A simple understanding of memory in Java
1、 JAVA memory partitioning
It is divided into five parts. You can refer to this note for a brief understanding:
https://www.cnblogs.com/unleashed/p/13268027.html
2、 Start with the memory of the array
Memory map of an array
First, we have such a set of codes:
1 public class HelloWorld{
2 public static void main(String[] args){
3 int[] array = new int[2];
4 System.out.println(array);
5 System.out.println(array[0]);
6 System.out.println(array[1]);
7 array[0]= 1;
8 array[1]= 2;
9 System.out.println(array);
10 System.out.println(array[0]);
11 System.out.println(array[1]);
}
}
Look at this picture:
Memory diagram of two arrays
1. New array
If you add such a statement to the main method just now
int[] array2 = new int[10];
At this time, we need to remember that as long as new is created, it will open up a new space in the heap, which can also be said to be a new memory space
2. Delivery address
What if this statement is added?
int[] array2 = array;
At this time, there is still only one array in the heap.

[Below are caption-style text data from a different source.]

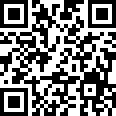 QRコード https://mirunuku.net/amateur/?cid=sqb102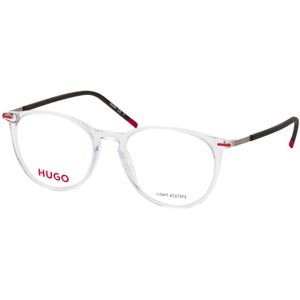 Hugo Boss - HG 1233 - Optische Monturen - Kristal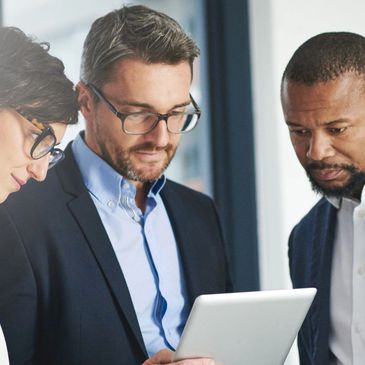 Certified home appraiser Claremont CA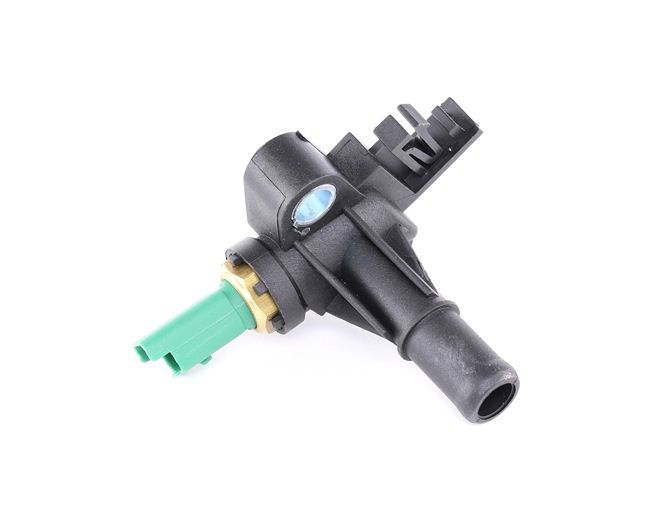 HELLA 6PT 009 309-431 Temperatuursensor FIAT PANDA (169) 60 Pk Benzine/Autogas (LPG) kosten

Only the address value of array is passed to array2, because their address values are equal. When array2 is assigned a value, the changed content is the content in the original array, that is, when two references point to the same array
3、 Look at the memory of the object
Memory map of an object
First, there must be a piece of code
public class student{
String name;
String ssex;
int age;
public void study(){
System.out.println("正在学习。。。。");
}
public void eat(){
System.out.println("正在吃饭。。。。");
}
}
Since it is an object, there must be a piece of code to use this student class
public class TestStudent{
public static void main(String[] args){
Student stu = new Student();
System.out.println(stu.name);
System.out.println(stu.ssex);
System.out.println(stu.age);
stu.name = "小杜";
stu.age = 20;
stu.ssex = "男";
System.out.println(stu.name);
System.out.println(stu.ssex);
System.out.println(stu.age);
stu.study();
stu.eat();
}
}
Then from the picture
Memory map when two objects use the same method
比如:
Student stu = new Student();
Student stu2 = new Student();
……
All refer to the same block address space of the same block of methods in the method area
Two references point to the memory map of the same object
Student stu = new Student();
Student stu2 = stu;
……
Find the address value of stu, and then call the method according to the address value of stu
Use the object type as an argument to the method
比如代码中有这么两三行
public static void method(Student stu){
System.out.println(stu.eat);
……
}
When an object is used as a parameter of a method, what is actually passed into the method is the address value of the object
Use the object type as the return value of the method
public static Student eat(){
Student stu =new Student();
stu.study();
stu.name = "小杜";
return stu;
}
When an object type is used as the return value of a method, the return value is actually the address value of the object
4、 String constant pool
String constant pool: the double quoted string written directly in the program is in the string constant pool
So:
For basic types, = = compares numeric values
For reference types, = = compares address values
Because the content is not changeable, it can be shared
Moreover, the effect of string is equivalent to char [] array, but the underlying principle is byte [] array, so it will be automatically converted into byte [] array in the stored process
Borrow an online map
By the way, static keyword
When accessing static member variables according to the class name, the whole process has nothing to do with the object, only with the class.
5、 Memory map in inheritance
Image source network:
That is, the parent class space takes precedence over the generation of child class objects. Each time a child class object is created, the parent class space is initialized first, and then the child class object itself is created.